Ce qui, de la tragédie grecque, s’insinue ici est essentiel pour la suite. La rapidité avec laquelle Xavier Legrand change de registre et de genre est fascinante. Sa mise en scène est elliptique, précise, flamboyante. Là où tout réalisateur nous montrerait le personnage dans un avion, il le fait descendre, puis remonter dans une voiture, d’un continent l’autre. Pressé et sans affect, Ellias pense régler la succession en quelques heures et repartir avant l’enterrement. Il croise une agente immobilière, des bénévoles d’association, une ancienne camarade d’école chargée de l’organisation des funérailles, une voisine et un ami de son père. Les premiers balancent les condoléances d’usage quand on ne sait rien ni du décédé ni du survivant ; les deux derniers évoquent un homme doux, cordial, attentionné, que clairement Ellias n’a pas connu. Et lorsque la mécanique se grippe, lorsque le réel tourne au cauchemar (et la fiction au film d’horreur), il devient évident qu’eux non plus ne l’ont pas connu.

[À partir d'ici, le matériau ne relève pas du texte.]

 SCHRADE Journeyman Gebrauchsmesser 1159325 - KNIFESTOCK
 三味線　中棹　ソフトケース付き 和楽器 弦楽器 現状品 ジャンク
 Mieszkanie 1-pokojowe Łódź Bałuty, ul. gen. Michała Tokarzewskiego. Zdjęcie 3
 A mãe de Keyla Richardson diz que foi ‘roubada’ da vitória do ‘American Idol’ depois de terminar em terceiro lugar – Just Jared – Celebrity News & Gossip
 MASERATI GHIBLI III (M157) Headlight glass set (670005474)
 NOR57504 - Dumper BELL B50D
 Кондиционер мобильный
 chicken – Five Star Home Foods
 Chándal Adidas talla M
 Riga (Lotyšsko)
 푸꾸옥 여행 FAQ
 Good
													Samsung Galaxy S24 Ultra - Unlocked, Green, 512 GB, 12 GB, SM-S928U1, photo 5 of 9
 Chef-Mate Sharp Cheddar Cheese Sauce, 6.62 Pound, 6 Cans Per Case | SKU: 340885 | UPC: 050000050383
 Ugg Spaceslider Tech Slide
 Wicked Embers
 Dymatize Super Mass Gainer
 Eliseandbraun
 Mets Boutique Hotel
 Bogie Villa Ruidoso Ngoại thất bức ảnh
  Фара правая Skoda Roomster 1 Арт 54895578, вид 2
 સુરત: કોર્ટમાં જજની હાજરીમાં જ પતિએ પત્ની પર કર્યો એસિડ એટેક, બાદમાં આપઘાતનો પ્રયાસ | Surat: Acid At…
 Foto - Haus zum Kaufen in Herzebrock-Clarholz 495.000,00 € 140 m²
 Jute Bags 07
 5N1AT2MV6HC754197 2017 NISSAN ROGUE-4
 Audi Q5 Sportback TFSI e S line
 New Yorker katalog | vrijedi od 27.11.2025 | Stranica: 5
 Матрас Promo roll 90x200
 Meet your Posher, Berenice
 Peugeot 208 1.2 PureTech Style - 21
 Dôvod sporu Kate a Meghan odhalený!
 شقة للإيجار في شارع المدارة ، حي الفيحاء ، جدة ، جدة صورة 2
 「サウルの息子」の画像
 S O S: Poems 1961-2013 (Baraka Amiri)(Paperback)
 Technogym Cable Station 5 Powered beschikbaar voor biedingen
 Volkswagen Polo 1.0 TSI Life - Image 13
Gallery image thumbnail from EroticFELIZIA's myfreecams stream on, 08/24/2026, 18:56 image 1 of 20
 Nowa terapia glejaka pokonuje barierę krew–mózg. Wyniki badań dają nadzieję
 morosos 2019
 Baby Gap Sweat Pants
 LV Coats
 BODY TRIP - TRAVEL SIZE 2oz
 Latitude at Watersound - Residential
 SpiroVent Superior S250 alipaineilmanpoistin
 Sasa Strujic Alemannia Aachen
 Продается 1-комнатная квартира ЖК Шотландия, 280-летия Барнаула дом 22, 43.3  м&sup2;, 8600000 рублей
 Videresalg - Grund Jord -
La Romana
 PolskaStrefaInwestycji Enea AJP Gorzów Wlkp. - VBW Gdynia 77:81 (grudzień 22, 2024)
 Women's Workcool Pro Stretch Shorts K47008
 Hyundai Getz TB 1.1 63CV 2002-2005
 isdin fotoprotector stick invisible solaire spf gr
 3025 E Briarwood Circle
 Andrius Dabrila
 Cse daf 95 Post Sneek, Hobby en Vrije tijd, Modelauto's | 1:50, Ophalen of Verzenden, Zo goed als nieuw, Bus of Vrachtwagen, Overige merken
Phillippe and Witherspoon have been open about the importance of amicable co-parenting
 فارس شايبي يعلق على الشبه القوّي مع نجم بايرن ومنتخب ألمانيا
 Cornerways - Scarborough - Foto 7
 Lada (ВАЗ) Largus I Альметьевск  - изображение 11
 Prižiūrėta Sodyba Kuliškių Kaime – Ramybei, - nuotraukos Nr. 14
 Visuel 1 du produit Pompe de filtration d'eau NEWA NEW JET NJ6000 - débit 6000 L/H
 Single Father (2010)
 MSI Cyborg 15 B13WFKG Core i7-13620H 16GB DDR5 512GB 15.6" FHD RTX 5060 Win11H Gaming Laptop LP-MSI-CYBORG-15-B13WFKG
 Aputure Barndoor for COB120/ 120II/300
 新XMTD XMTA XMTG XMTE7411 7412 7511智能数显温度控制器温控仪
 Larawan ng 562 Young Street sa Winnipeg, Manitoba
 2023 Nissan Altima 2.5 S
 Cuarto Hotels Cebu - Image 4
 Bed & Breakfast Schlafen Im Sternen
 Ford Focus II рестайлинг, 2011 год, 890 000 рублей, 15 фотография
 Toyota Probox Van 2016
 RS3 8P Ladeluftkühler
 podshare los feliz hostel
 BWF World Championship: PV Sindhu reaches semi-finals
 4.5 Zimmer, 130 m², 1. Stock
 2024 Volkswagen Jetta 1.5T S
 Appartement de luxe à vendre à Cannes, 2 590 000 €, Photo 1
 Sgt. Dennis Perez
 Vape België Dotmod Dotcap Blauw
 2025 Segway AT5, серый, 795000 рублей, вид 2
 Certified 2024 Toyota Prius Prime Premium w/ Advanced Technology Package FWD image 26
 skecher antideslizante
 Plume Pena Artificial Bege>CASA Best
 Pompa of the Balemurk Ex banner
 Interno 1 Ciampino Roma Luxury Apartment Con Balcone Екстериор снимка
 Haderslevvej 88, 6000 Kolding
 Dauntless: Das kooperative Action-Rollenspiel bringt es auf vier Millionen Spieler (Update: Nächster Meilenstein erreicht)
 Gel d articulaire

Nous sommes dans le point de vue d’Ellias, nous vivons ce qu’il vit. Ce qui le frappe nous frappe, et ses réactions nous heurtent. Comme dans la spirale du début, notre cerveau soudain repasse en des endroits déjà « visités », revoit et comprend. Comment Ellias, d’une phrase, a éliminé une femme encombrante à ses yeux et l’a invisibilisée sur une photo. Comment, imbu de lui-même, célébré dans le monde entier, il ne pense qu’à l’image qu’il renvoie. Comment sa crainte du patrimoine génétique fait écho à son refus de l’héritage sonnant et trébuchant…
Le Successeur, comme Jusqu’à la garde, traite de la violence masculine et du patriarcat. Et aussi de leurs effets sur les générations à suivre. Mais là où, dans le premier, nous pouvions nous identifier à l’enfant, à l’épouse, ici, notre empathie ne va vers personne. De mauvais choix en mauvais choix, Ellias se rapproche de ce père honni et nous éloigne de lui. En revanche, nous ressentons tout : la peur, l’angoisse, le dégoût. C’est terrible, inconfortable, voire désagréable. Mais, de l’interprétation magistrale dominée par Marc-André Grondin et Yves Jacques à la puissance du regard sur cette histoire irregardable, le film subjugue et laisse une trace tenace. Comme la somme de toutes nos peurs.